▶ **Work instruction**: A word-for-word reproduction of the data below is needed, with no pictures in it.

Top of Dataset content

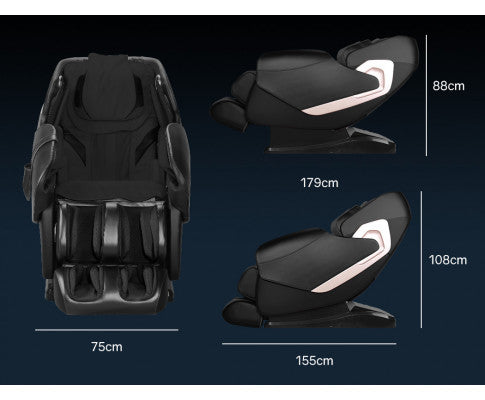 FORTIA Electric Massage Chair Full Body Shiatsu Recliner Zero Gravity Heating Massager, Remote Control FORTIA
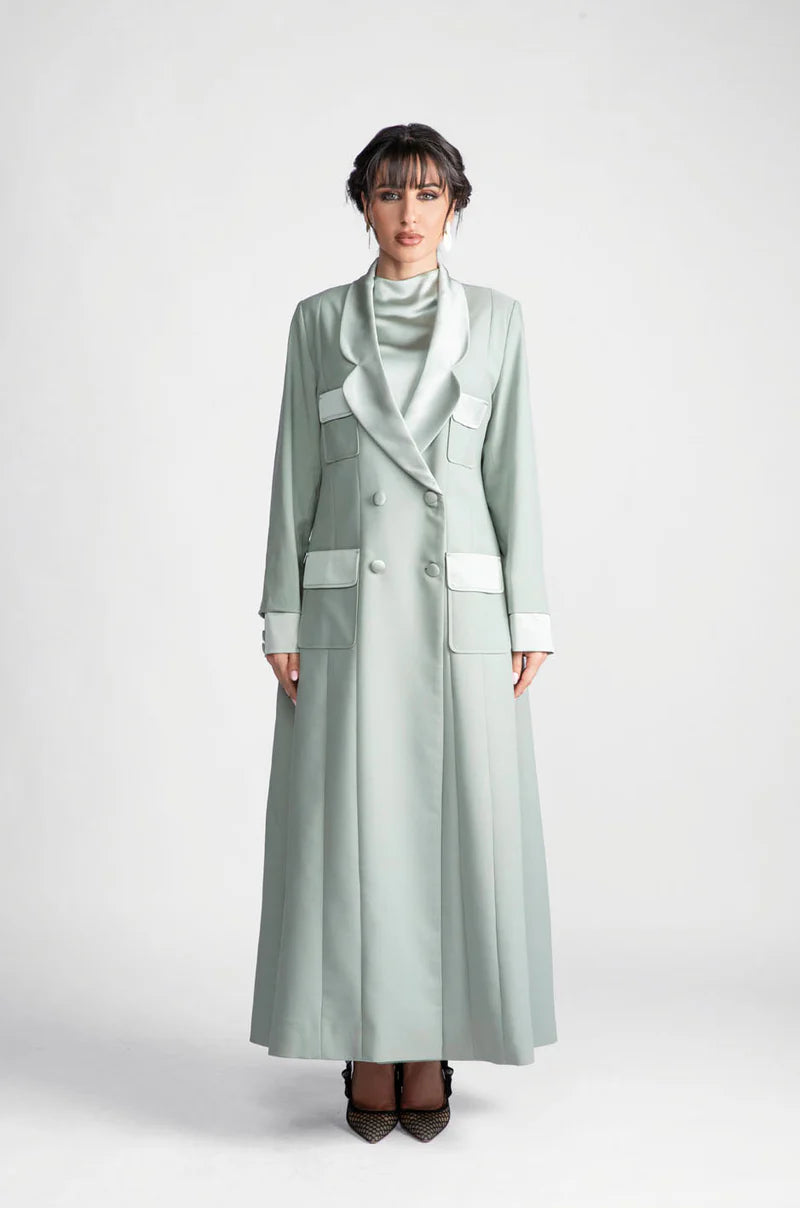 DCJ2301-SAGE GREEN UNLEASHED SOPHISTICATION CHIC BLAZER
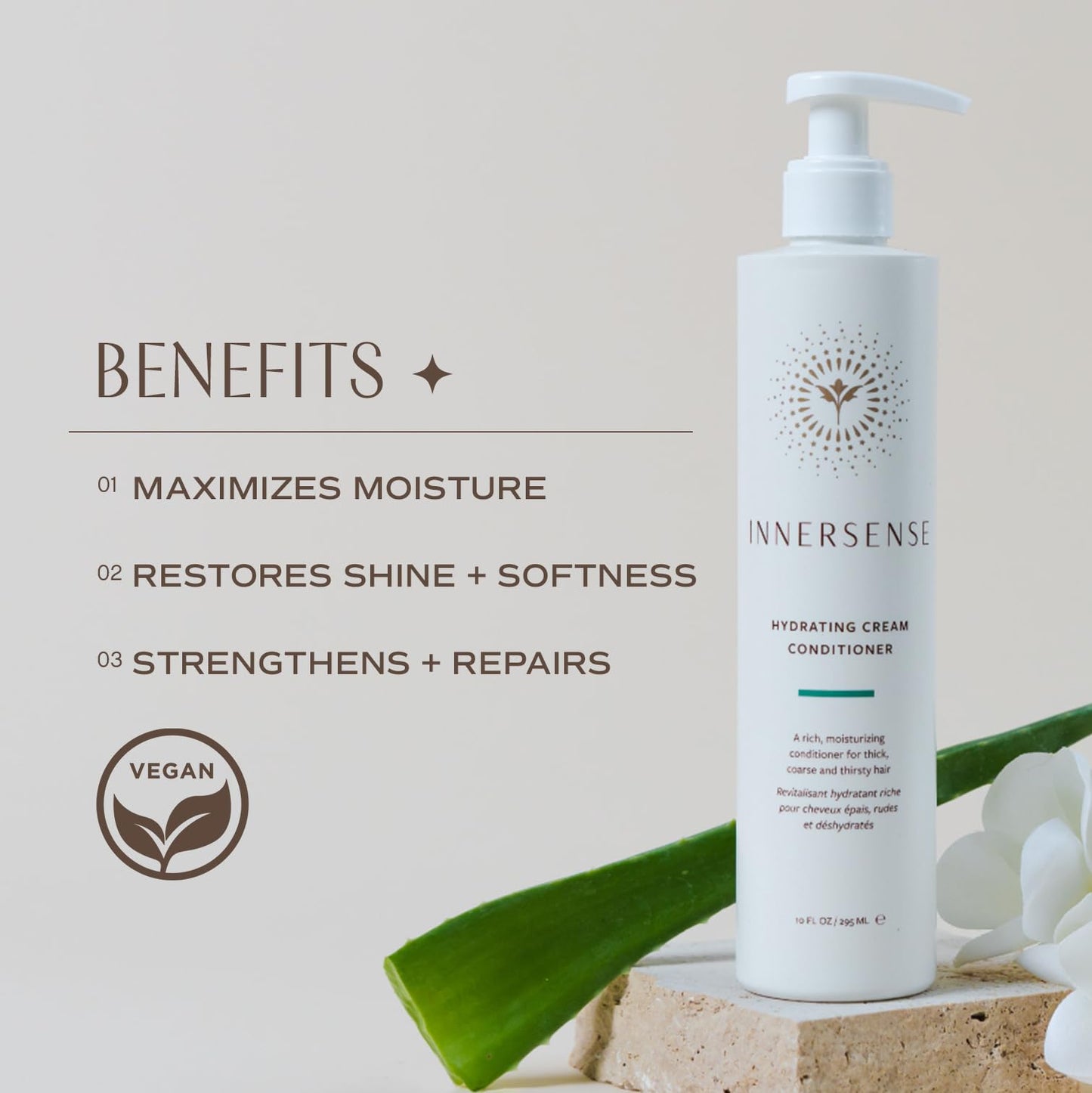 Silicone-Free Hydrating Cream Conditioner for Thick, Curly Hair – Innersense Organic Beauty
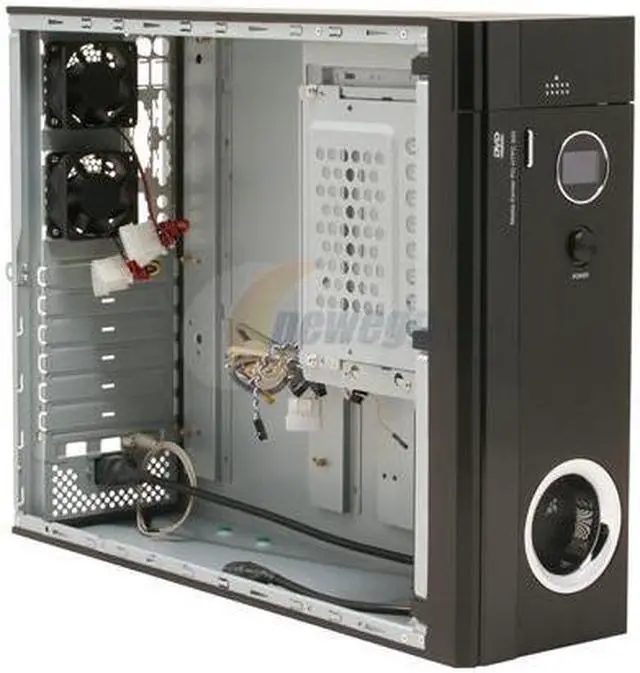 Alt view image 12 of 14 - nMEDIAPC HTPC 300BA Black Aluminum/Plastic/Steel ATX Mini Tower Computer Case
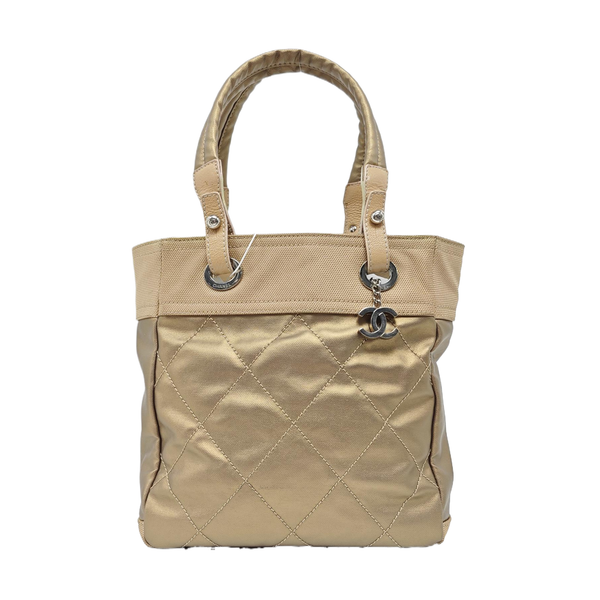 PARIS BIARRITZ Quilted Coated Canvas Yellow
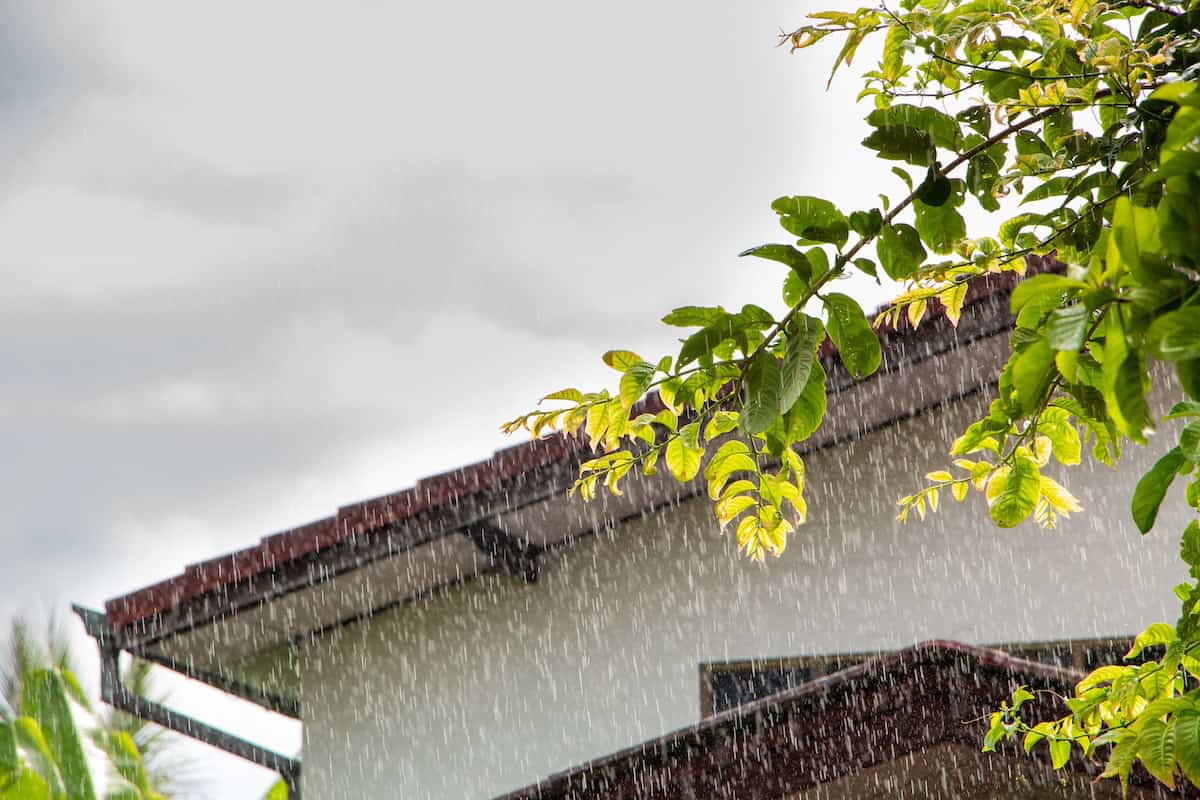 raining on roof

Bottom of Dataset content

▶ **Written solution**:
 FORTIA Electric Massage Chair Full Body Shiatsu Recliner Zero Gravity Heating Massager, Remote Control FORTIA
 DCJ2301-SAGE GREEN UNLEASHED SOPHISTICATION CHIC BLAZER
 Silicone-Free Hydrating Cream Conditioner for Thick, Curly Hair – Innersense Organic Beauty
 Alt view image 12 of 14 - nMEDIAPC HTPC 300BA Black Aluminum/Plastic/Steel ATX Mini Tower Computer Case
 PARIS BIARRITZ Quilted Coated Canvas Yellow
 raining on roof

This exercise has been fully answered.